While doctors haven’t been able to conclude a medical explanation for my issues, they have been extreme and persistent. I experience sudden, erratic, and urgent bowel movements that put me in the bathroom for a total of around 3–4 hours every day. Between bathroom visits, I often feel nauseous, have a distended abdomen, and live with the anxiety of unexpected diarrhea or room-clearing gas. I often go without eating in order to avoid upsets during work or events. My symptoms didn’t always look like this, but this has been my consistent experience for about 8 years. Having a schedule has been nearly impossible. And things such as road trips or getting on an airplane—where my gut tends to get extra upset—have thrown me into panic, giving me strong aversions to travel and anything of the like.
As an optimist and a fighter, I have attempted healing from every angle, never accepting the fate of lifelong suffering. I have to believe that my body is made to heal.
While this isn’t an exhaustive list— I have gone the route of Western medicine, prescription drugs, extensive testing, and imaging. I have changed my diet drastically, tried an incredible amount of functional medicine doctors’ recommended supplements, and have sought emotional healing, doing the deep inner work that inevitably emerges from the grief of losing so much from this sickness. I do believe the body is inextricably connected to the psyche, heart, and spirit—and that feels especially true now in my journey, where doctors are befuddled and can only offer what even they call “bandaids.”
While it’s been absolute hell at times to experience dysfunction in my body every day without exception, I can say this journey has led me to incredible depths with God and in relationships—especially with myself. For that growth, I can genuinely say I am grateful.
Still, I am deeply in a place of need, and it is finally time to share this openly and invite you in a bit closer for support.
I have the opportunity to work one-on-one with a specialist for four months of personalized medical care that also encompasses psychological, and emotional support—a holistic reset for my gut, damaged pelvic floor, and nervous system. This costs $8,000, plus travel and lodging expenses, as they are out of state. So this is the point where I am honestly inviting any and all help.

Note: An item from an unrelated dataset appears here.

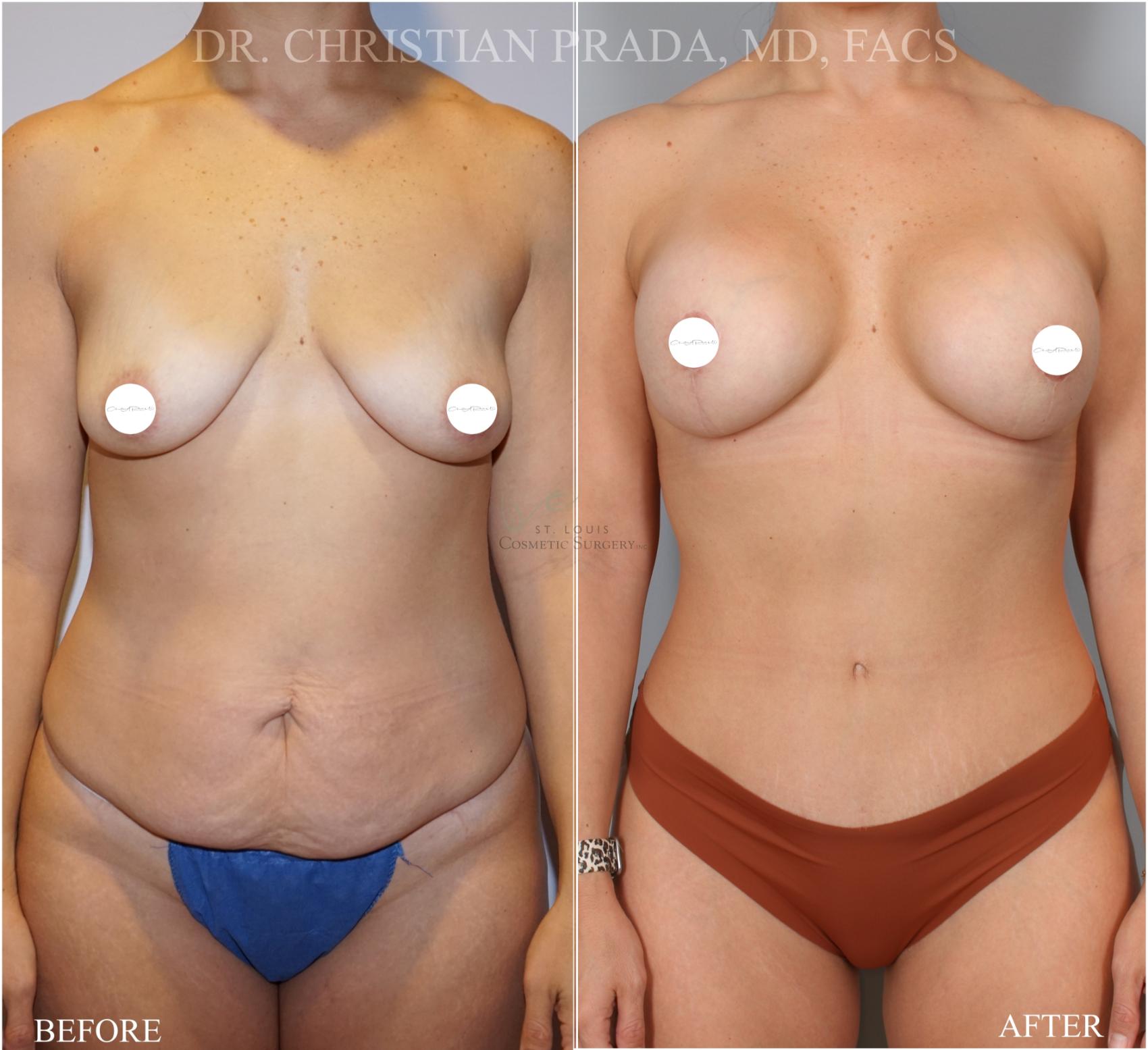 Before & After Tummy Tuck Case 372 Front View in St. Louis, MO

If you’re able to give, financial support is most needed and every dollar counts—whether it’s $5, $50, or $500. I am just so grateful for any support in getting to this specialist.
If giving financially isn’t possible for you right now, prayers, loving thoughts, or even sharing this with someone who might be able to help would mean the world to me.
Thank you for taking the time to hear my journey. And thank you from the bottom of my heart for seeing me and for any way you feel moved to help.